- [Assignment] Among the lines of the data, copy those that hold "Dubrovnik".
**** Supplied entries
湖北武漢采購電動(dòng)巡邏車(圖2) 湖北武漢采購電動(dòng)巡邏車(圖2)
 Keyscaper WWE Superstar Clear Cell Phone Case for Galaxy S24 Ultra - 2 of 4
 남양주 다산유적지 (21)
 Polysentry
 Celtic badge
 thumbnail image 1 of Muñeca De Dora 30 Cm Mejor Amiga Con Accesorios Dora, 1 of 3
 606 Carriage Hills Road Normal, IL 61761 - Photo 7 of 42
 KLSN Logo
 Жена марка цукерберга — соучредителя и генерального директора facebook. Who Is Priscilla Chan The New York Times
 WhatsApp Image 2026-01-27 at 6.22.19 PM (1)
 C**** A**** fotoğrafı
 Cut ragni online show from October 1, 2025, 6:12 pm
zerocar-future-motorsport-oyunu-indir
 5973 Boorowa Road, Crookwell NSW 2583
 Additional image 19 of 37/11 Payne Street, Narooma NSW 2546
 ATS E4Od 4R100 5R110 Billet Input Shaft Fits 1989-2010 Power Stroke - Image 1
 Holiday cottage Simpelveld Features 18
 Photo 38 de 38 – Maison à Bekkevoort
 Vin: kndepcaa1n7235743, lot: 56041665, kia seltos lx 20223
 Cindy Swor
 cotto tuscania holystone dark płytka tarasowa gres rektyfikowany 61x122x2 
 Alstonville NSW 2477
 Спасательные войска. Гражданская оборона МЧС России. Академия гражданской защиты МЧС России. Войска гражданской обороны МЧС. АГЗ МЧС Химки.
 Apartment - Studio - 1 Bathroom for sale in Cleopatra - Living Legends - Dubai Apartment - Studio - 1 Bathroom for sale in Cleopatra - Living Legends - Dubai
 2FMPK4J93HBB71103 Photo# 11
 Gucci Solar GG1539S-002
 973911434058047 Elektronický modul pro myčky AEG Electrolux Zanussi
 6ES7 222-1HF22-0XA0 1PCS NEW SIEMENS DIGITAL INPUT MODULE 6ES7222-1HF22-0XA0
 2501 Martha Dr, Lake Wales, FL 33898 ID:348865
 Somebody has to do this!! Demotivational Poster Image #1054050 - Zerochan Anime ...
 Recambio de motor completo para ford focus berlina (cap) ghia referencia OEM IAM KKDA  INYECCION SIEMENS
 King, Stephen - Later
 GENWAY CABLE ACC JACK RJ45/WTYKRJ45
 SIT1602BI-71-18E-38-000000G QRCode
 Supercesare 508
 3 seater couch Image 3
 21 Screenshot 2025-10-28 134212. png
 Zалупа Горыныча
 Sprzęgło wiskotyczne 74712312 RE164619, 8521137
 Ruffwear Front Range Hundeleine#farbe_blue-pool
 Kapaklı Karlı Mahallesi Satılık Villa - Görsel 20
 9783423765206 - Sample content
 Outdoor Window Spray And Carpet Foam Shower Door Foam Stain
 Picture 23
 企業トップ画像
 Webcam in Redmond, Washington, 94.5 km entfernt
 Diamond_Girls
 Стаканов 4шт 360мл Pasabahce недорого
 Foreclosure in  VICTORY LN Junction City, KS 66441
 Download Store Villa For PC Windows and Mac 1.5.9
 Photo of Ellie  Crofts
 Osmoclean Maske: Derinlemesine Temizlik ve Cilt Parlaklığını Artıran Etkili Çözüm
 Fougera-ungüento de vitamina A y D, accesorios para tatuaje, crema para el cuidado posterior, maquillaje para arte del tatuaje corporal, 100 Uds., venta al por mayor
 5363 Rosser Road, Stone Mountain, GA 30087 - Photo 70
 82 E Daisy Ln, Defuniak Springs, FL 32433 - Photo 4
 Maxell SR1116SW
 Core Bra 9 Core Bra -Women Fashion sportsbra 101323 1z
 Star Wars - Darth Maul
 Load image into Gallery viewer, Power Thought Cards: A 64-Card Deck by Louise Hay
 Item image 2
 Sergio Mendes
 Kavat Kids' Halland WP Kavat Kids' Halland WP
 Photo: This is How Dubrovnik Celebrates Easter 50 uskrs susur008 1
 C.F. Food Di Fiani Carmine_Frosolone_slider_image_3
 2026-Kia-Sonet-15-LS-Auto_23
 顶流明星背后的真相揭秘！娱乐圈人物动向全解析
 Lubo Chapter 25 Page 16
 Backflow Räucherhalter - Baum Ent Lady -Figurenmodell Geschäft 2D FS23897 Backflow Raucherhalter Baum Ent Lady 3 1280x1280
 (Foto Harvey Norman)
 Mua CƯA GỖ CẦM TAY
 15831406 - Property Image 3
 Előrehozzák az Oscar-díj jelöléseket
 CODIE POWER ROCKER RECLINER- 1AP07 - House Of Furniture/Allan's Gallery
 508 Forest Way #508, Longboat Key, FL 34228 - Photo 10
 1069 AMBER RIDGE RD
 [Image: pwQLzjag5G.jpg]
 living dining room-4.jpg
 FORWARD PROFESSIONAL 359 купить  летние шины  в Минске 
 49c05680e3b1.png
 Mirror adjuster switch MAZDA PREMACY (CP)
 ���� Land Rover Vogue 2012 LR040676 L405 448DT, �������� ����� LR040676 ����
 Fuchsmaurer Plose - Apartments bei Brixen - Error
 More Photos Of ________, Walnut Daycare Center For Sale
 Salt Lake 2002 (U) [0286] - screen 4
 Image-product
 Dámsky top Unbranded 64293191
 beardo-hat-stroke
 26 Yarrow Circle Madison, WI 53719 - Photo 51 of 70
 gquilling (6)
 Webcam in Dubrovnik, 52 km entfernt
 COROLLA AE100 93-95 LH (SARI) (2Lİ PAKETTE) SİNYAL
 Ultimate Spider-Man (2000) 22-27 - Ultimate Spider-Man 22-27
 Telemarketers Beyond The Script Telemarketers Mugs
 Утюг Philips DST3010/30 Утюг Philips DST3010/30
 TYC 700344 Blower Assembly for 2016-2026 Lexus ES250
********
- [Answer for this exercise]
 Photo: This is How Dubrovnik Celebrates Easter 50 uskrs susur008 1
 Webcam in Dubrovnik, 52 km entfernt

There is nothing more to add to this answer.